Your task
All entries must be set down once more, precisely as given.

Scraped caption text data
---
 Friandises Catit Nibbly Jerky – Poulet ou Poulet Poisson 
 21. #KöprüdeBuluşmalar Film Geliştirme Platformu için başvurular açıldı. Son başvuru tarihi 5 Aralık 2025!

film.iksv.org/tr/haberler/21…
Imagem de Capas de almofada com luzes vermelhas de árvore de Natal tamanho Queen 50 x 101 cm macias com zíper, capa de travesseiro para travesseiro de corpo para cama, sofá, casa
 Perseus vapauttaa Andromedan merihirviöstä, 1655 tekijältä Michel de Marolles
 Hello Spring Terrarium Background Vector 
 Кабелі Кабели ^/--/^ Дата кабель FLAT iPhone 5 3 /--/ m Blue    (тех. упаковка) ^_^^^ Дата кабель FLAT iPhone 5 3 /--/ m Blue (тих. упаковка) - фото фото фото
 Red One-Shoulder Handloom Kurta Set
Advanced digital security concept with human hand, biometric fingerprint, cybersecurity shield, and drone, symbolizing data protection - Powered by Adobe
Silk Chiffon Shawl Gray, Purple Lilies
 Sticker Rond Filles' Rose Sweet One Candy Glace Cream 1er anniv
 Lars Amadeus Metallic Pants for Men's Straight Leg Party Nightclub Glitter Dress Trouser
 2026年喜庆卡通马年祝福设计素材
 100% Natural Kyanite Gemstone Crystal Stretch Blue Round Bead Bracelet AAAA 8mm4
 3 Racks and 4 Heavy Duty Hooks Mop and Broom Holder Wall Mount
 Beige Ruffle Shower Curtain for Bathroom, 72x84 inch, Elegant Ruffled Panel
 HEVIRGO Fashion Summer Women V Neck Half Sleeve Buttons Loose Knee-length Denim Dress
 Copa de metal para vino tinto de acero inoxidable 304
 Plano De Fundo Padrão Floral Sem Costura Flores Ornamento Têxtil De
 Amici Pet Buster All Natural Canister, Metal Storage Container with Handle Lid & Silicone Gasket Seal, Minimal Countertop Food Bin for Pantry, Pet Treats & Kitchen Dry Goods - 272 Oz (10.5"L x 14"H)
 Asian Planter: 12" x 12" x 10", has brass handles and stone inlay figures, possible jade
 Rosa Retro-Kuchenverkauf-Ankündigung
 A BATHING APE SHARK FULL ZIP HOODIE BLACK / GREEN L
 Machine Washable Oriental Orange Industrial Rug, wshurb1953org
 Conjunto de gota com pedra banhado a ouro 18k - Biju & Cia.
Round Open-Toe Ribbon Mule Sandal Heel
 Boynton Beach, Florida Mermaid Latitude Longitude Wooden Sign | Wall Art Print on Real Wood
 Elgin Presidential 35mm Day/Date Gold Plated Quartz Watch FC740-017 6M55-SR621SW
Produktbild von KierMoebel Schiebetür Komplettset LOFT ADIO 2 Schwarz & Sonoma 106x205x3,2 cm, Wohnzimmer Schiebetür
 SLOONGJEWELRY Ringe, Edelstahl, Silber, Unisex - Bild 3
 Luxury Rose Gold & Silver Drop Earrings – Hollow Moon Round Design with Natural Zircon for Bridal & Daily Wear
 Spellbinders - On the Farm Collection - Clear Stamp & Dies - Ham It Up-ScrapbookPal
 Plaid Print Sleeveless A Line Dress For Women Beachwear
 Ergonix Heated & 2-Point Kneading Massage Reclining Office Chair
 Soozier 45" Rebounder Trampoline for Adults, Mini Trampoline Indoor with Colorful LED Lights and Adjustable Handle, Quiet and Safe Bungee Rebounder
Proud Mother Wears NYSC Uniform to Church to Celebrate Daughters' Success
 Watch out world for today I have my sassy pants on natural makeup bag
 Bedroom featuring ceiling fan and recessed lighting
---
Exercise response
 Friandises Catit Nibbly Jerky – Poulet ou Poulet Poisson 
 21. #KöprüdeBuluşmalar Film Geliştirme Platformu için başvurular açıldı. Son başvuru tarihi 5 Aralık 2025!

film.iksv.org/tr/haberler/21…
Imagem de Capas de almofada com luzes vermelhas de árvore de Natal tamanho Queen 50 x 101 cm macias com zíper, capa de travesseiro para travesseiro de corpo para cama, sofá, casa
 Perseus vapauttaa Andromedan merihirviöstä, 1655 tekijältä Michel de Marolles
 Hello Spring Terrarium Background Vector 
 Кабелі Кабели ^/--/^ Дата кабель FLAT iPhone 5 3 /--/ m Blue    (тех. упаковка) ^_^^^ Дата кабель FLAT iPhone 5 3 /--/ m Blue (тих. упаковка) - фото фото фото
 Red One-Shoulder Handloom Kurta Set
Advanced digital security concept with human hand, biometric fingerprint, cybersecurity shield, and drone, symbolizing data protection - Powered by Adobe
Silk Chiffon Shawl Gray, Purple Lilies
 Sticker Rond Filles' Rose Sweet One Candy Glace Cream 1er anniv
 Lars Amadeus Metallic Pants for Men's Straight Leg Party Nightclub Glitter Dress Trouser
 2026年喜庆卡通马年祝福设计素材
 100% Natural Kyanite Gemstone Crystal Stretch Blue Round Bead Bracelet AAAA 8mm4
 3 Racks and 4 Heavy Duty Hooks Mop and Broom Holder Wall Mount
 Beige Ruffle Shower Curtain for Bathroom, 72x84 inch, Elegant Ruffled Panel
 HEVIRGO Fashion Summer Women V Neck Half Sleeve Buttons Loose Knee-length Denim Dress
 Copa de metal para vino tinto de acero inoxidable 304
 Plano De Fundo Padrão Floral Sem Costura Flores Ornamento Têxtil De
 Amici Pet Buster All Natural Canister, Metal Storage Container with Handle Lid & Silicone Gasket Seal, Minimal Countertop Food Bin for Pantry, Pet Treats & Kitchen Dry Goods - 272 Oz (10.5"L x 14"H)
 Asian Planter: 12" x 12" x 10", has brass handles and stone inlay figures, possible jade
 Rosa Retro-Kuchenverkauf-Ankündigung
 A BATHING APE SHARK FULL ZIP HOODIE BLACK / GREEN L
 Machine Washable Oriental Orange Industrial Rug, wshurb1953org
 Conjunto de gota com pedra banhado a ouro 18k - Biju & Cia.
Round Open-Toe Ribbon Mule Sandal Heel
 Boynton Beach, Florida Mermaid Latitude Longitude Wooden Sign | Wall Art Print on Real Wood
 Elgin Presidential 35mm Day/Date Gold Plated Quartz Watch FC740-017 6M55-SR621SW
Produktbild von KierMoebel Schiebetür Komplettset LOFT ADIO 2 Schwarz & Sonoma 106x205x3,2 cm, Wohnzimmer Schiebetür
 SLOONGJEWELRY Ringe, Edelstahl, Silber, Unisex - Bild 3
 Luxury Rose Gold & Silver Drop Earrings – Hollow Moon Round Design with Natural Zircon for Bridal & Daily Wear
 Spellbinders - On the Farm Collection - Clear Stamp & Dies - Ham It Up-ScrapbookPal
 Plaid Print Sleeveless A Line Dress For Women Beachwear
 Ergonix Heated & 2-Point Kneading Massage Reclining Office Chair
 Soozier 45" Rebounder Trampoline for Adults, Mini Trampoline Indoor with Colorful LED Lights and Adjustable Handle, Quiet and Safe Bungee Rebounder
Proud Mother Wears NYSC Uniform to Church to Celebrate Daughters' Success
 Watch out world for today I have my sassy pants on natural makeup bag
 Bedroom featuring ceiling fan and recessed lighting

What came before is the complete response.